> [STUDY MATERIAL]:
# # # # #

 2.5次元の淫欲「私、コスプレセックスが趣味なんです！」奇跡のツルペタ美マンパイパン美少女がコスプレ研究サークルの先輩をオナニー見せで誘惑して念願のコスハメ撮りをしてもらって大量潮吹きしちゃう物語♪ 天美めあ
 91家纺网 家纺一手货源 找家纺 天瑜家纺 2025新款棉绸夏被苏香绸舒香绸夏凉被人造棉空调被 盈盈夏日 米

# # # # #

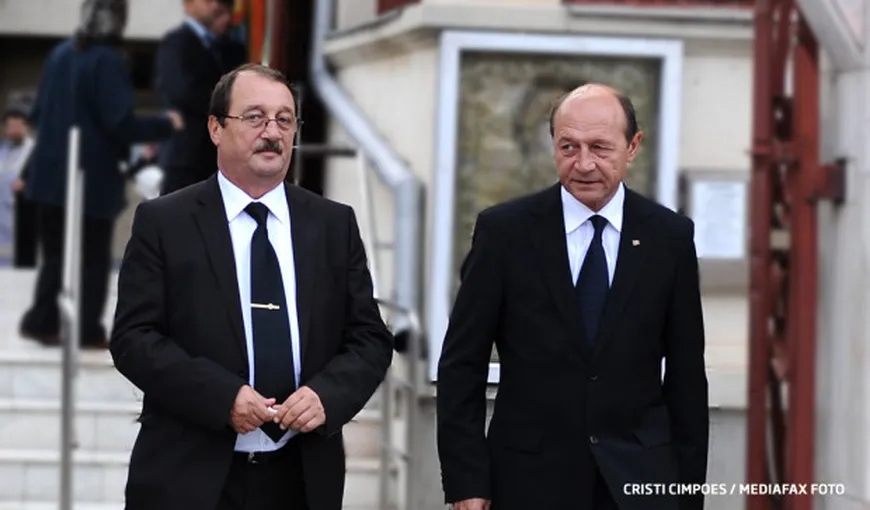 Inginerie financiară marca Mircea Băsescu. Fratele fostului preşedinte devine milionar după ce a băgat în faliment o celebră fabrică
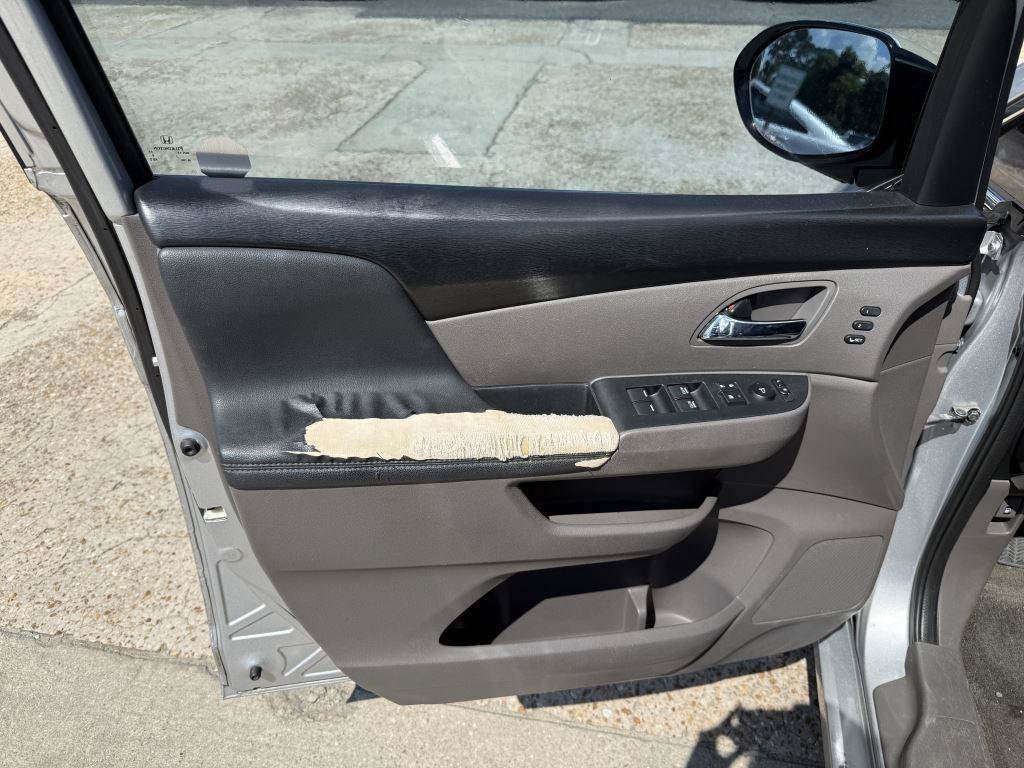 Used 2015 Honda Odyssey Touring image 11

# # # # #

> [WHAT NEEDS TO BE DONE]: For this exercise, set down the lines in the entries above from the one with "Inginerie financiară marca" through the one with "Used 2015 Honda Odyssey Touring image 11" exactly as written, without any pictures.

> [SOLUTION TO THIS TASK]:
 Inginerie financiară marca Mircea Băsescu. Fratele fostului preşedinte devine milionar după ce a băgat în faliment o celebră fabrică
 Used 2015 Honda Odyssey Touring image 11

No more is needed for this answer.